Au troisième étage du 3737, rue Crémazie, un événement inédit a eu lieu ce vendredi 20 décembre, à la veille de la relâche du temps des Fêtes. Cinq entrepreneurs ont soumis leur projet dans le cadre de la première édition du Défi Saint-Michel. Une initiative portée par le Groupe 3737, un incubateur favorisant une plus grande diversité dans le milieu des affaires.

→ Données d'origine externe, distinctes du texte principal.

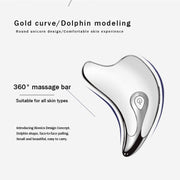 Scraper Face Lifting Massager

C’est le grand jour ! Comme les enfants qui attendent de pouvoir ouvrir leur cadeau, cinq entrepreneurs de Saint-Michel attendaient ce moment avec impatience. « C’est la fin d’un parcours de six semaines au cours duquel ces entrepreneurs ont travaillé très, très fort. Aujourd’hui, c’est la grande journée du pitch ! Les entrepreneurs ont cinq minutes pour présenter leurs projets, explique Maudeleine Myrthil, vice-présidente, Entrepreneuriat, du Groupe 3737, à l’assemblée. 

Quelques soutiens des entrepreneurs se sont déplacés pour l’occasion. La mairesse de l’arrondissement de Villeray–Saint-Michel–Parc-Extension, Laurence Lavigne Lalonde, et le député de Viau, Frantz Benjamin, sont également présents pour assister à cette initiative rendue possible grâce à l’aide financière de l’arrondissement et de PME MTL, le réseau de soutien aux entreprises de la Ville de Montréal.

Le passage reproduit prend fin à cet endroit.